Nach der vernichtenden 1:7-Niederlage der Seleção in Belo Horizonte kreierte eine brasilianische Zeitung sogleich das Wort «Mineiraço». Die Ereignisse in der Hauptstadt des Staates Minas Gerais liessen nämlich sogleich ein Déjà-vu aufblitzen: Der «Maracanaço», der WM-Schock, von 1950, war wohl einigen als Erinnerungsort des brasilianischen Fussballs präsent.
Die jüngste Demütigung lässt zwar die 1:2-Niederlage von damals ziemlich klein und banal aussehen. Dennoch handelt es sich um ein Spiel, das sich wie nur wenige andere ins kollektive Gedächtnis eingeschrieben hat. Zudem verdichtete sich jenes Trauma in einer Person: Moacir Barbosa. Er ging als die grosse tragische Figur jenes WM-Finals in die Geschichte ein.

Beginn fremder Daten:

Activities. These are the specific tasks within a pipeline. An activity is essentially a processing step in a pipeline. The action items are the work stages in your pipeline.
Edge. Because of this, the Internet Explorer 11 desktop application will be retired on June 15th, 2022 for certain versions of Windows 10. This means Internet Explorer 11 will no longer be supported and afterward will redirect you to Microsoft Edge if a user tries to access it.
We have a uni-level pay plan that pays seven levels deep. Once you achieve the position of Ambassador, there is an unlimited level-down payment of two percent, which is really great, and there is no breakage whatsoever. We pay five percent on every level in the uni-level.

Vom Mustersportler zur Persona non grata
Barbosa galt als einer der besten Keeper der Welt. Gross waren dementsprechend auch die Erwartungshaltungen: Im Final gegen Uruguay am 16. Juli 1950 war den Zuschauern im proppenvollen Maracanã klar, wer die Favoritenrolle innehatte. Die Aufbruchstimmung nach dem Zweiten Weltkrieg im brandneuen Riesenstadion trug dazu bei. Es stand 1:1. Elf Minuten vor Abpfiff überraschte der uruguayische Stürmers Alcides Ghiggia den brasilianischen Torhüter: Der Ball ging ins Netz. Für einen Moment soll unter den rund 200’000 Zuschauern eine Totenstille geherrscht haben. Viele konnten ihren Augen nicht trauen, als Barbosa auf dem linken Fuss erwischt wurde und ihnen der WM-Titel somit im letzten Moment entglitt. Die Niederlage war in dreifacher Hinsicht bitter: Zuhause, im brandneuen Maracanã und das erst noch gegen den kleinen, unterschätzten Nachbarn Uruguay.

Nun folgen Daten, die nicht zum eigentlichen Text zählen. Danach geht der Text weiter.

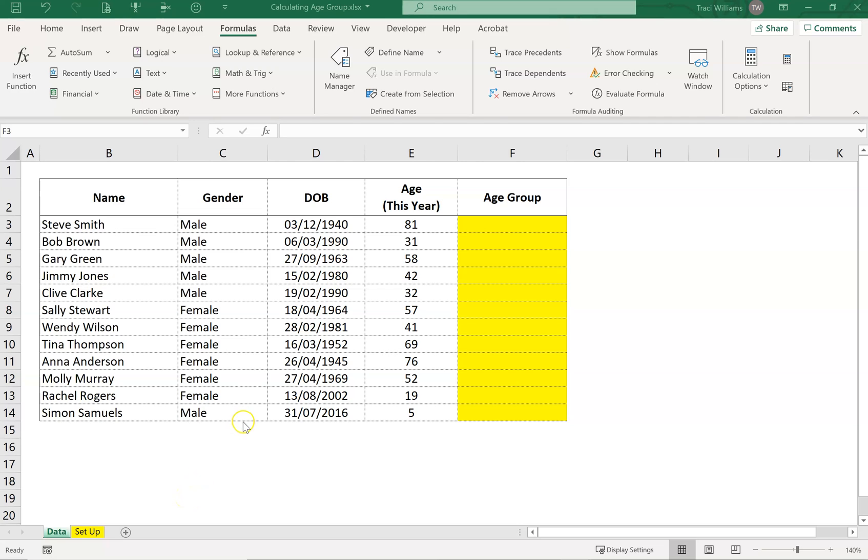Hi, this is a short video to show you how to calculate an age group. Once you know what an age is, we can classify each person into a specific age group.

Der Sündenbock war ziemlich schnell gefunden: Moacir Barbosa musste den Kopf für die Blamage hinhalten. Der angesehene Sportler mutierte zur Persona non grata. Der verhängnisvolle Treffer blieb für Barbosa zeitlebens ein Stigma. Eine Karriere als Trainer oder Sportkommentator blieb ihm verwehrt. Sogar als Rentner konnte er Jahrzehnte später seine Vergangenheit niemals loswerden: Bei einem Qualifikationsspiel für die WM 1994 gegen Uruguay verbot ihm sogar der Nationaltrainer ausdrücklich, der Seleção einen Besuch abzustatten – aus Angst, er könne den Spielern Unglück bringen.
«Der Mann, der Brasilien zum Weinen gebracht hat»
Das Schlimme daran war, dass Barbosa diesen Schmach verinnerlichte und sich bis zu seinem Tod mit jenem Moment auch selbst marterte. Experten sind sich einig, dass wohl kein Torhüter Ghiggias Ball hätte halten können. Dennoch fühlte sich Barbosa schuldig: Selbst als alter Mann hatte er weiterhin Ghiggias fatalen Torschuss vor Augen. Im Jahr 2000 war er in einem Interview noch immer als gebrannter Mann zu sehen: In Brasilien betrage die Höchststrafe für ein Verbrechen dreissig Jahre, er hingegen müsse auch nach fünfzig Jahren noch seine Strafe absitzen, meinte er nachdenklich. Der traurigste Moment seines Lebens soll dabei nicht das uruguayische Tor an sich, sondern eine andere Begebenheit gewesen sein: Jahre später erblickte ihn eine Passantin auf der Strasse. Sie zeigte mit dem Finger auf ihn und sagte zu ihrem kleinen Sohn: «Schau, dieser Mann hat Brasilien zum Weinen gebracht» – so zumindest lautet eine der vielen Anekdoten, die über Barbosa erzählt werden.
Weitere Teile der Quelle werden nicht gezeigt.